War Games

Sherry Bebitch Jeffe & Doug Jeffe

Sherry Bebitch Jeffe, Professor of the Practice of Public Policy Communication, Sol Price School of Public Policy and Doug Jeffe, Communications and Public Affairs Strategist


“We have met the enemy and he is us,” opined Pogo, that sage possum of the Sunday comics.

That could have been the theme of the recent California Democratic Party Convention in Sacramento.  There is a pertinent rule of political thumb: “A party is never more united when it’s out of power, struggling to get in. A party is never more disunited than when it’s in power, fighting over how, where, and who decides to use it.” With Republicans in the Golden State relegated to the sidelines, California Democrats have turned to fighting each other.

At the CDP convention it was the “Berniecrats” versus the “Establishment”–vitriolic contempt for Donald Trump was their only common ground.

With crusty Democratic Chairman John Burton retiring, the race for party chair came down to long-time LA County Chairman, and political insider, Eric Bauman and San Francisco Bay Area activist Kimberly Ellis, who had strong support from the Bernie Sanders crowd—spearheaded by the California Nurses Association.   The California Nurses were among the staunchest Sanders supporters and led the protests at the 2016 Democratic National Convention.  Their disdain for the party regulars holds no bounds.

When Bauman—the early favorite—eked out a  62- vote victory, the Bernie people cried foul and demanded a ballot audit.  It appears the Bauman victory will stand, but so will the hard feelings intensified in the process.

Aside from the race for chair, the big issue on the convention floor was health care.  The Nurses Association is pushing a bill—SB 562—to establish a single-payer health care system in California.  The group  was relentless in pressuring candidates and the party to support the measure not-so-gently hinting that Democratic candidates opposing single-payer could find themselves “primaried” by the party’s left.

“We’re not going to unify around the status quo,” Rose Ann DeMoro, the powerful head of the California Nurses Assn., told delegates. “Consensus for consensus’ sake is over.”

A legislative staff analysis tagged the cost of implementing the bill at $400 billion per year. That equals, according to Sacramento Bee columnist Dan Walters,” more than three times the entire state general fund budget.” That sum would probably wipe out just about every other spending program in Sacramento.  It is hard to imagine the California Teachers Association and other Sacramento power players jumping for joy at that prospect. Or California taxpayers, who would likely have to assume a hefty part of the cost.

The intra-party feuding is a hangover from last year’s Presidential nominating process when Senator Bernie Sanders faced off against Hillary Clinton.  Although Clinton won the nomination convincingly and carried California in the primary by a substantial margin, the Bernie folks have never accepted that the nominating process was on the up and up

Addressing the convention, potential gubernatorial candidates, by and large, gave lip service to single-payer health care without endorsing SB 562.  None of the contenders appeared to electrify the house—not even Lt. Gov. Gavin Newsom, the nurses’ fave, whose speech may have set a record for consecutive clichés and slogans.
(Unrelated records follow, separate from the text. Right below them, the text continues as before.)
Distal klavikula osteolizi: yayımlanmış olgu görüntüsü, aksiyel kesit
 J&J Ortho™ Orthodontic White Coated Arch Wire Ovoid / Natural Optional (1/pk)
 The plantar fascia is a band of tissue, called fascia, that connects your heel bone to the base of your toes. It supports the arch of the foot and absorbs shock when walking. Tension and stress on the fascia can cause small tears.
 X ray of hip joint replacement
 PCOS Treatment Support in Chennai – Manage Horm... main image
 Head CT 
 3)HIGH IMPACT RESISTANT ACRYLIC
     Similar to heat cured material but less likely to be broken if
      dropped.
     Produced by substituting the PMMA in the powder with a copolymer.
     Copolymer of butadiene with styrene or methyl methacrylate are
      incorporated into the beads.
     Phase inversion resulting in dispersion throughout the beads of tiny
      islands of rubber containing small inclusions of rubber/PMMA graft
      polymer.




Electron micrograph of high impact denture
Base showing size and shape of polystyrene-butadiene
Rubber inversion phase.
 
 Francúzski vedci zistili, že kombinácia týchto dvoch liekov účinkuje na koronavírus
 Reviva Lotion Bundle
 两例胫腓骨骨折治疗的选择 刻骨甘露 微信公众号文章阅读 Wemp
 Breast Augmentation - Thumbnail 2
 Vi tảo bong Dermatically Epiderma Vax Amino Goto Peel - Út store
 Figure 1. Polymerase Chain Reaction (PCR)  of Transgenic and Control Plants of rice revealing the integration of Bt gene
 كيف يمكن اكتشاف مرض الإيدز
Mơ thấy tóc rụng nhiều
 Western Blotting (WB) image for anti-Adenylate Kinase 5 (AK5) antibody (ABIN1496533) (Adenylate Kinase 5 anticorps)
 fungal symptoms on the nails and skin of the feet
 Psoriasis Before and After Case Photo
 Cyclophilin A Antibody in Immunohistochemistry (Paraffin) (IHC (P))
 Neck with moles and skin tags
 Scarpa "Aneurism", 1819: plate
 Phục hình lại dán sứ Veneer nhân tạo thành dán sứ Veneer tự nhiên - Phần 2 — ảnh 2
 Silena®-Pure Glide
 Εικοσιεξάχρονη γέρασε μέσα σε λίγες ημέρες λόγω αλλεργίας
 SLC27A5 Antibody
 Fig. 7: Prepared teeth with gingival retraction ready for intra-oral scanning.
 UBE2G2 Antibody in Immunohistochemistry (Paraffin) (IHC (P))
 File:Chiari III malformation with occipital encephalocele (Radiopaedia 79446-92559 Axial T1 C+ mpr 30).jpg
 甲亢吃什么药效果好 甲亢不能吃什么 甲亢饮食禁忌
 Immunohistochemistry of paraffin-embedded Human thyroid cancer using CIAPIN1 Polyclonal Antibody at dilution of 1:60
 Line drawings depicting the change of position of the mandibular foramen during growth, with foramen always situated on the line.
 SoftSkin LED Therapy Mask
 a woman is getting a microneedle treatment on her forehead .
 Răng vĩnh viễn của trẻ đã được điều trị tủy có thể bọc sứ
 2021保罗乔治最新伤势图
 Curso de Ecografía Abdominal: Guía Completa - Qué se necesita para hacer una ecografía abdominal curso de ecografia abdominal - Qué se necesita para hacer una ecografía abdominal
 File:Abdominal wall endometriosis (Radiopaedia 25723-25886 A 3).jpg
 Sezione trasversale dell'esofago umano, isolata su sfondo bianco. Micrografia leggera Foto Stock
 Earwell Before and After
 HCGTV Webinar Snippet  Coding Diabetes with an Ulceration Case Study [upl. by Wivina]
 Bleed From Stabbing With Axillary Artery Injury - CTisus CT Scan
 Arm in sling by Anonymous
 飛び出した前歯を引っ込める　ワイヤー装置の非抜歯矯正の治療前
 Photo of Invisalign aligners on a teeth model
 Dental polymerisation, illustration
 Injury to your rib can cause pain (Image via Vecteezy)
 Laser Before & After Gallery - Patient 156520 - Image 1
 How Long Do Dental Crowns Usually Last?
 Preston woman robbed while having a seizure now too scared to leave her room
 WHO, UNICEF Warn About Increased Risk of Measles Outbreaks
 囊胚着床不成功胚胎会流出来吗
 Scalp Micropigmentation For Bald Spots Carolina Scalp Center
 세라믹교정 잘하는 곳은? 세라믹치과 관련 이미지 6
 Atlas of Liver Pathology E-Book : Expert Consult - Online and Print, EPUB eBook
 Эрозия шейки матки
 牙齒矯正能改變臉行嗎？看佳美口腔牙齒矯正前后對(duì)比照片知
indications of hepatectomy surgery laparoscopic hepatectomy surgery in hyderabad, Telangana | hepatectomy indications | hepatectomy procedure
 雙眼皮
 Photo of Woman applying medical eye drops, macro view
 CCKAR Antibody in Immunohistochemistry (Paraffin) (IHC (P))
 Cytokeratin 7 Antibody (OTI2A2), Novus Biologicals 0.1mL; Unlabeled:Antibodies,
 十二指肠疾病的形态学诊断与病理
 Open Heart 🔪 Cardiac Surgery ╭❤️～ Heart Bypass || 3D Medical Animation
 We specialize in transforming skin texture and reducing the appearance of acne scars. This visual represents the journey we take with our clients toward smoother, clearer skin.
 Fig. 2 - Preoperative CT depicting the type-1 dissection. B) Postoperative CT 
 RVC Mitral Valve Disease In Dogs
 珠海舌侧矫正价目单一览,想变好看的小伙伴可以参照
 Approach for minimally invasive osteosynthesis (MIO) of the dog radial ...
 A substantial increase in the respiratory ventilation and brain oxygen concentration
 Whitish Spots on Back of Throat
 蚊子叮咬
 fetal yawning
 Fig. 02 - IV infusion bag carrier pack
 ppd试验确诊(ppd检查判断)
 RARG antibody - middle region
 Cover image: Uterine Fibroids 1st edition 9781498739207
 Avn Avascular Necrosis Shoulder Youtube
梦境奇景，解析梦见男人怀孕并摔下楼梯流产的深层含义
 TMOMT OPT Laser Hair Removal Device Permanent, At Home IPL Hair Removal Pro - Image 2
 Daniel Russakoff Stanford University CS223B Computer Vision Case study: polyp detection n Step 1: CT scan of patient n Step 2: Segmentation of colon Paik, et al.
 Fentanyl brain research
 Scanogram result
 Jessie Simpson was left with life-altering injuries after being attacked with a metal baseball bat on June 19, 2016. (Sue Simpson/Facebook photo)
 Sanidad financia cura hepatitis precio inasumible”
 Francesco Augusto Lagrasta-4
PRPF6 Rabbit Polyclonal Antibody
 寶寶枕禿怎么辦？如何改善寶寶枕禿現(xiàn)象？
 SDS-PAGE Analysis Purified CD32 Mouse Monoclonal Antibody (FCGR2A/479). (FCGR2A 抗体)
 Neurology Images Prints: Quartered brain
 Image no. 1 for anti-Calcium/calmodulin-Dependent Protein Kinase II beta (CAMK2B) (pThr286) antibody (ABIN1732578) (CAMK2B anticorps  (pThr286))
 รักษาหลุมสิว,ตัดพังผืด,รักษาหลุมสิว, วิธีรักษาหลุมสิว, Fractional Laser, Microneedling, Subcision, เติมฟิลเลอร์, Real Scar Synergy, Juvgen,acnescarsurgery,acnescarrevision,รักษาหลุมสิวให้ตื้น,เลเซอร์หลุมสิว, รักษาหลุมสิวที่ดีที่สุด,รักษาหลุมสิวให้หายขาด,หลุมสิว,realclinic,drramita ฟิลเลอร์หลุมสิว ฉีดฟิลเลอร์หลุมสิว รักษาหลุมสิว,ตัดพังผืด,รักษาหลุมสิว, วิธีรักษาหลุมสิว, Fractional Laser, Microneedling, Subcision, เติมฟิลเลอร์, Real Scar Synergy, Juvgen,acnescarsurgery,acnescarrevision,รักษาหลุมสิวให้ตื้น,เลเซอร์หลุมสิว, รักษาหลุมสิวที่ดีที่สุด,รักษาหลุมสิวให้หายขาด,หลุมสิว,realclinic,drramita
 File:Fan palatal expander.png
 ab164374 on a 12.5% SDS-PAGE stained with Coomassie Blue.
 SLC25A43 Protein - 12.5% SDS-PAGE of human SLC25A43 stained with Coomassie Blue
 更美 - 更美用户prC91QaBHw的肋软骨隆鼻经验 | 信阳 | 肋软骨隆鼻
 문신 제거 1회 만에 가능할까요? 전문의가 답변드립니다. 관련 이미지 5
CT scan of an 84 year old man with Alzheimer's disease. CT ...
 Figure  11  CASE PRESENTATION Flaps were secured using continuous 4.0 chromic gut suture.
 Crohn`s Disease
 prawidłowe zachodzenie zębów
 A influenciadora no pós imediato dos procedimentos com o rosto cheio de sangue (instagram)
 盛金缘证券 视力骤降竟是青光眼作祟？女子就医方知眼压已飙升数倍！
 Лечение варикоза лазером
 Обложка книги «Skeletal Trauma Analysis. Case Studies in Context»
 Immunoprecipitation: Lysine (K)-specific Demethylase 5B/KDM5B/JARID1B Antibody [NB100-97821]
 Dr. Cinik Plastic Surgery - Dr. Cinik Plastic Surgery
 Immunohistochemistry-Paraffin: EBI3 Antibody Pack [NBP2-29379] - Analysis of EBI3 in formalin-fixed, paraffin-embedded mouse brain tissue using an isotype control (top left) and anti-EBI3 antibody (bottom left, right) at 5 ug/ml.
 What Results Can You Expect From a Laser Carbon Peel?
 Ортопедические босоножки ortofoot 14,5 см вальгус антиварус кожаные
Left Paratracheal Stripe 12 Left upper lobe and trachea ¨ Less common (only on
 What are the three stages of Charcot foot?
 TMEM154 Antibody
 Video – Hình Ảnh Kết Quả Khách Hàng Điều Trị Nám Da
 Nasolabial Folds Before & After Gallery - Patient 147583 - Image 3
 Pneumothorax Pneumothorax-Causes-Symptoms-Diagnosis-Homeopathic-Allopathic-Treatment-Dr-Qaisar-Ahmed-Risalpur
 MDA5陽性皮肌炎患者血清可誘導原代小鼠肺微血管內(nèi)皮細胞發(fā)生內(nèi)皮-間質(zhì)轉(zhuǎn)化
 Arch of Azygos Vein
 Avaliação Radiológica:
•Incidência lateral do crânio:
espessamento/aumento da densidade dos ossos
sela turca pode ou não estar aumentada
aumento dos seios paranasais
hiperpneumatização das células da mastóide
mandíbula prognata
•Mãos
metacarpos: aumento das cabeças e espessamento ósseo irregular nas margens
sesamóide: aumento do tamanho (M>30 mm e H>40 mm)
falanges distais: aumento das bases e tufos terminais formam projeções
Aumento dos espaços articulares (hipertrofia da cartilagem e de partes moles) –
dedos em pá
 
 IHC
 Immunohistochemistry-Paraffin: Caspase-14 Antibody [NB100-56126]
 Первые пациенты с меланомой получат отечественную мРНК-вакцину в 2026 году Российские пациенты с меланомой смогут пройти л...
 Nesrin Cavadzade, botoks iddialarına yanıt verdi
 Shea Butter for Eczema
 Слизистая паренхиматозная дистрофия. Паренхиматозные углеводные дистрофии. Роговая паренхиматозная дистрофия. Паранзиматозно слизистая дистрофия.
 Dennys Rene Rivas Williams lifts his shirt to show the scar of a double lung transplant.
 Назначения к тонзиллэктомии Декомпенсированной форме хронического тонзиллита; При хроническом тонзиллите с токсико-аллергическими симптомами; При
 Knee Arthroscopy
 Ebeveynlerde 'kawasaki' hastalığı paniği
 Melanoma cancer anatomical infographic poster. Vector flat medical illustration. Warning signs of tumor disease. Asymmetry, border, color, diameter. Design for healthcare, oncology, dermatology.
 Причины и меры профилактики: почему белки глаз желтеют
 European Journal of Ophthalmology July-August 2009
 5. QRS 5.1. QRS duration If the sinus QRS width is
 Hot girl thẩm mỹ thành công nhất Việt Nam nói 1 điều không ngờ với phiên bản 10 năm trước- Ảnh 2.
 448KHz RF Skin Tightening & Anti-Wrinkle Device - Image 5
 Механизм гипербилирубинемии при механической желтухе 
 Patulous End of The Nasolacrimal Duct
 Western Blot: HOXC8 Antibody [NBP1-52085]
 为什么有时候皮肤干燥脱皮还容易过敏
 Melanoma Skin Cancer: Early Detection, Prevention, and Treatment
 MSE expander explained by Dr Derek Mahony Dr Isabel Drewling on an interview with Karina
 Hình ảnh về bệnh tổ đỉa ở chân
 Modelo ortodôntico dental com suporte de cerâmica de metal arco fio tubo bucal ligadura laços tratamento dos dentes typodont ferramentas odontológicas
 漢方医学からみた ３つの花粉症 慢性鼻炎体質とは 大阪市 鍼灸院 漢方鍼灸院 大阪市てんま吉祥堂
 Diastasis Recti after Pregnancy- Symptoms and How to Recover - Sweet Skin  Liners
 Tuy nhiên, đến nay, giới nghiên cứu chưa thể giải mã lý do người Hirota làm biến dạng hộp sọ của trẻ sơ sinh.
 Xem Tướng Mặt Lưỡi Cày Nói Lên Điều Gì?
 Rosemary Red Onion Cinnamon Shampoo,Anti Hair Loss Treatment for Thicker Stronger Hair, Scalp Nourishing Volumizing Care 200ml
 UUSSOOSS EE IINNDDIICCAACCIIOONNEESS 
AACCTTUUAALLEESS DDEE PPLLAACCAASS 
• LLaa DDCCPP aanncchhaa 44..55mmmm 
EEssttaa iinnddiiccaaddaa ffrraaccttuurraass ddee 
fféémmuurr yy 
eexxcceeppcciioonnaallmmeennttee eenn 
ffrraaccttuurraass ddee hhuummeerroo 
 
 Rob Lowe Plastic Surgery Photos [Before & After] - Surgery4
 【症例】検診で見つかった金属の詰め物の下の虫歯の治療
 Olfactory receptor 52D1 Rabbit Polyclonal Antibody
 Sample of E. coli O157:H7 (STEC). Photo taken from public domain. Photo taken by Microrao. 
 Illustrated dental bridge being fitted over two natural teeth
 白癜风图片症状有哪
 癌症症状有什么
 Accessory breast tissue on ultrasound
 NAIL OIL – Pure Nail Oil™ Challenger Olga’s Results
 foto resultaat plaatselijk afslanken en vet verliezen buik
However, Elvis (aka Congressman Adam Schiff) was definitely in the building! Schiff has become a highly visible (and audible) symbol of the anti-Trump “Resistance.” As the convention’s keynote speaker, Schiff delivered an Obamaesque address that had the crowd on its feet. The workhorse lawmaker, ranking Democrat on the House Intelligence Committee, has been cast into the national spotlight by the snowballing investigations of the Trump White House and campaign operatives. Calling for party unity at the convention, Schiff warned delegates, “We cannot afford division when the fate of the republic is at stake,” he said. “Our people are stronger united, our party is stronger together.”

Actually, California Democrats don’t look to have much headwind in the statewide races; nonetheless,  but they still have to hold the supermajorities in both houses and run the table on Congressional seats if national Democrats have a hope of regaining the US House majority.

In the Golden State, where Democrats are riding high, and nationally where they are poised to cash in on President Trump’s unpopularity, the Democrats’ biggest obstacle may be overreaching by the party’s left.  Bernie Sanders lost the nomination to Hillary Clinton last year, but in the process he reinforced every negative perception of the former Secretary of State and validated the populist mantra that carried Donald Trump to the White House.  The Berniecrats’ hostility to “the Establishment” shows no sign of abating and will at the very least be a distraction from the job of taking back Congress.   And the party’s efforts to appease the left through policy positions could easily alienate voters in the middle—where elections are won.

Russia and former FBI Director James Comey may have contributed to 2016 disappointments, but if the Democrats stumble in 2018, particularly in California, they ‘ll likely have no one to blame but themselves.